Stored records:
# # #

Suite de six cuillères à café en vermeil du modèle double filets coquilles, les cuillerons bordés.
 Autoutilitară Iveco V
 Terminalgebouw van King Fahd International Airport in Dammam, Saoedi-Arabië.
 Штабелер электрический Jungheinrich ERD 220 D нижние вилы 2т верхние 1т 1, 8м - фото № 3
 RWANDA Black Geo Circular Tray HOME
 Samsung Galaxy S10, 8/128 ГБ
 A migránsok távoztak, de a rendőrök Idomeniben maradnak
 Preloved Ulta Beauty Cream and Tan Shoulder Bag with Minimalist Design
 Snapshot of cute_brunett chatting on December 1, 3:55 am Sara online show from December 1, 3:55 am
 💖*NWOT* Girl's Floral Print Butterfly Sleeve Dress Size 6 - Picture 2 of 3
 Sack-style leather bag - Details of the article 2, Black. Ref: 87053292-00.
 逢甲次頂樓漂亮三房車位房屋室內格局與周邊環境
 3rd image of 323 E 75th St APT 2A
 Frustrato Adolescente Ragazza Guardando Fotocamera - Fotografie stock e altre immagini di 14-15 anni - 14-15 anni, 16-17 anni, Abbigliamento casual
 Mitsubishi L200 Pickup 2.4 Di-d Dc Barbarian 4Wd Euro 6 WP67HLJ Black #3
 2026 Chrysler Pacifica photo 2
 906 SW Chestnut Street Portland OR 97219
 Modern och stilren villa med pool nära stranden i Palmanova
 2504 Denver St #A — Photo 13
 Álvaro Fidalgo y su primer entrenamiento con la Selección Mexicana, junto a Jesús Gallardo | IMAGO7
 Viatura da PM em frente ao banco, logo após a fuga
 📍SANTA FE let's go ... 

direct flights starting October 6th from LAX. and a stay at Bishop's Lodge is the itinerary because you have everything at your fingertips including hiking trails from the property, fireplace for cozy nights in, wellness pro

# # #

__Assignment__
Return the data in full, exactly as it appears above.

__Response to the exercise__
Suite de six cuillères à café en vermeil du modèle double filets coquilles, les cuillerons bordés.
 Autoutilitară Iveco V
 Terminalgebouw van King Fahd International Airport in Dammam, Saoedi-Arabië.
 Штабелер электрический Jungheinrich ERD 220 D нижние вилы 2т верхние 1т 1, 8м - фото № 3
 RWANDA Black Geo Circular Tray HOME
 Samsung Galaxy S10, 8/128 ГБ
 A migránsok távoztak, de a rendőrök Idomeniben maradnak
 Preloved Ulta Beauty Cream and Tan Shoulder Bag with Minimalist Design
 Snapshot of cute_brunett chatting on December 1, 3:55 am Sara online show from December 1, 3:55 am
 💖*NWOT* Girl's Floral Print Butterfly Sleeve Dress Size 6 - Picture 2 of 3
 Sack-style leather bag - Details of the article 2, Black. Ref: 87053292-00.
 逢甲次頂樓漂亮三房車位房屋室內格局與周邊環境
 3rd image of 323 E 75th St APT 2A
 Frustrato Adolescente Ragazza Guardando Fotocamera - Fotografie stock e altre immagini di 14-15 anni - 14-15 anni, 16-17 anni, Abbigliamento casual
 Mitsubishi L200 Pickup 2.4 Di-d Dc Barbarian 4Wd Euro 6 WP67HLJ Black #3
 2026 Chrysler Pacifica photo 2
 906 SW Chestnut Street Portland OR 97219
 Modern och stilren villa med pool nära stranden i Palmanova
 2504 Denver St #A — Photo 13
 Álvaro Fidalgo y su primer entrenamiento con la Selección Mexicana, junto a Jesús Gallardo | IMAGO7
 Viatura da PM em frente ao banco, logo após a fuga
 📍SANTA FE let's go ... 

direct flights starting October 6th from LAX. and a stay at Bishop's Lodge is the itinerary because you have everything at your fingertips including hiking trails from the property, fireplace for cozy nights in, wellness pro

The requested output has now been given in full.